Whether that be taking orders, communicating with suppliers, serving customers, accessing data such as contracts, processing financial records or patient data and even paying staff.
Most businesses today are built upon technology and are dependent upon it. Yet very few leadership teams have sat down and mapped that dependency honestly. They have not asked which systems are critical, what happens when they fail, or how long the business can sustain operations without them.
CrowdStrike was a software update and not a cyber attack. The fragility it exposed had nothing to do with malicious intent and everything to do with unexamined dependency.
A ransomware attack, a supply chain compromise, a third-party outage, all of these carry the same lesson. If you have not thought about what you depend upon, you will only discover it in the worst possible moment.
My Daughter Will Grow in Independence But Your Business Cannot Afford To
What I feel watching my daughter grow is huge pride as she becomes her own person. Her independence is healthy and right and something that brings me immense joy.
Digital dependency in business works differently, you do not grow out of it. You can’t because it just deepens with every new tool, cloud migration and every automated process adding further layers.
The question is not whether your business depends on technology, because it likely does. The question is whether your leadership understands that dependency and has made conscious defensible decisions about how to protect it.
That means knowing which systems are critical and testing what happens when they fail. And more than that, having an action plan in case of technology failure that does not rely entirely on the IT team being available and fully functional at two in the morning.
The key ingredient here is making sure the people who lead the organisation and not just those who manage the infrastructure, understand what is at stake.
The Challenge
The hand holding will stop, that is inevitable.
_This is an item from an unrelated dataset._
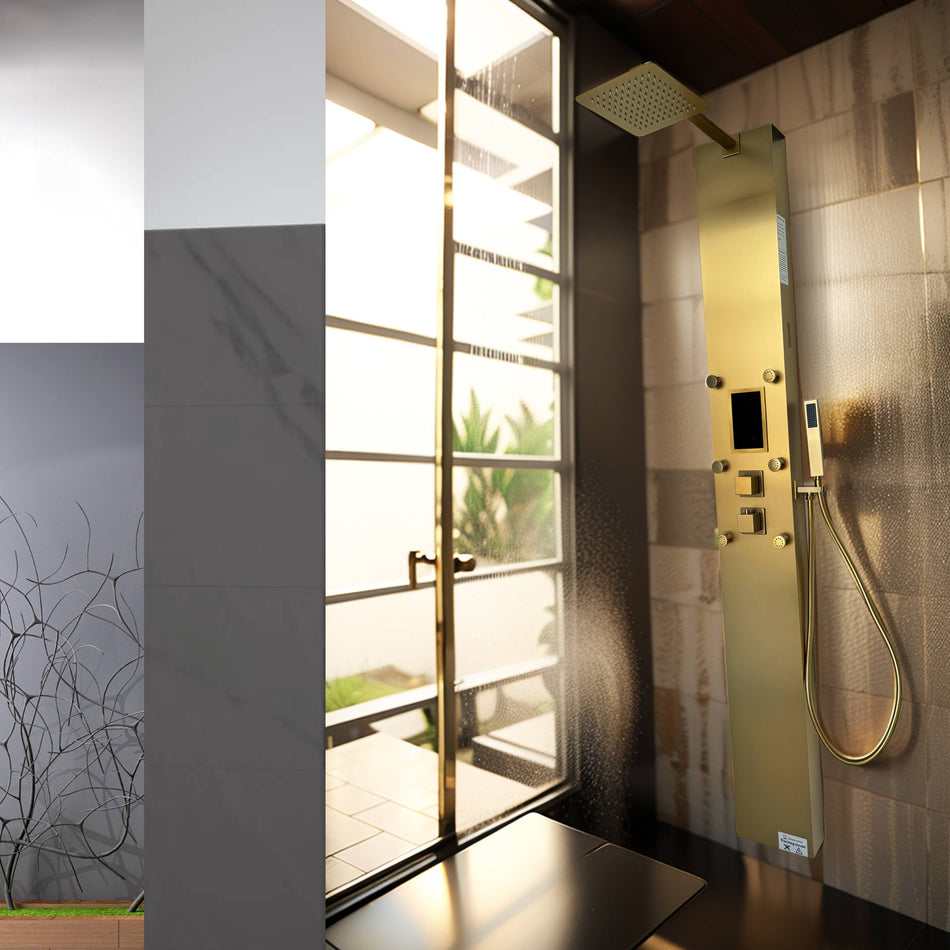 Steam Shower Panel Bluetooth Music, Brushed Nicke or Brushed Gold Shower Panel with Fahrenheit Display, Rainfall, Body Jets, and 6 KW Steam Generator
I knew it was coming; I had experienced this moment before with my older children, I didn’t expect to be holding hands with my children when they were adults!
You don’t know when a cyber attack is coming, it may never happen.
Map your critical dependencies this quarter and pressure test your assumptions. Ask the question your board has been quietly avoiding: if our core systems went offline tomorrow morning, what would we actually do?
Because the organisations that cannot answer that question are not secure. They are simply lucky. And luck, as CrowdStrike reminded eight and a half million devices in a single morning, has a habit of running out without warning.